Ante estas posibilidades la sociedad tradicional tiene sus propios mecanismos de defensa, que son aquellos que le permiten mantener el equilibrio, con todos sus elementos armónicamente trazados y que son esa garantía de ósmosis y expresión final de lo orgánico en el mundo tradicional. De modo que la sociedad tradicional, en la medida que vive de la actualización del mito, lo hace también en la utopía, en la pretensión de mantener una perfección y equilibrio originarios, y asimismo quiere que sus miembros participen en esa misma inmortalidad. La cultura oral, no escrita, que es la fuente más antigua de cualquiera de las tradiciones, y que para René Guénon, por ejemplo, representa un valor indudable frente a las fuentes escritas, siempre susceptibles de desfigurar la Tradición original, es el principal baluarte en cualquier entorno tradicional, en la medida que transfiere el conocimiento de esos momentos fundacionales, de los ritos, de los mitos, de la épica asociada a los héroes etcétera, que son expresados una sola vez y quedan fijados eternamente en el corazón y en la mente de los hombres.
El individuo justifica su existencia en función del grupo al cual pertenece, y permanece indefectiblemente ligado a un antepasado que desarrollaba ya esa actividad y al cual debe su arte, tal y como ocurría con las corporaciones medievales.
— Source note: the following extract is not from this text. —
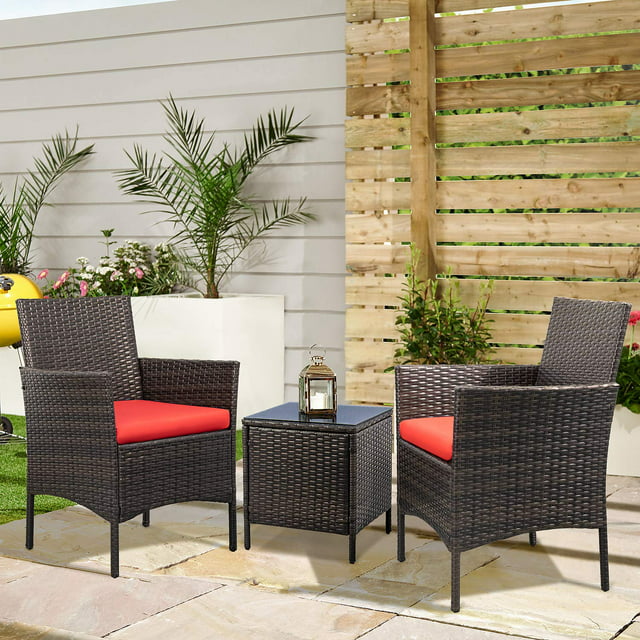 Lacoo 3 Pcs 2 Seater Outdoor Patio Furniture PE Rattan Wicker Table and Chairs Set with Cushioned Tempered Glass (Brown/Red)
En ese sentido podríamos decir que la sociedad tradicional es como una película que reproduce un escenario inmutable en el que solamente cambian los actores. En sus relaciones con la sociedad el hombre es como la pieza de un mosaico cuya forma, dimensión y color se explican en función de la globalidad, de un todo.
Ante esta situación algunos podrán hacerse la siguiente pregunta: ¿es posible la reflexión del hombre más allá del reflejarse en el mito actuado de la creación o la fundación y del esquema interpretativo del mundo al cual pertenece? Esta sería la pregunta que, desde las perspectivas de la modernidad una persona cualquiera podría hacerse. Es evidente que la conciencia individual, en el sentido prometeico-racionalista, es imposible en el contexto de una sociedad tradicional en su pureza originaria, tal y como se conciben esos elementos en la modernidad.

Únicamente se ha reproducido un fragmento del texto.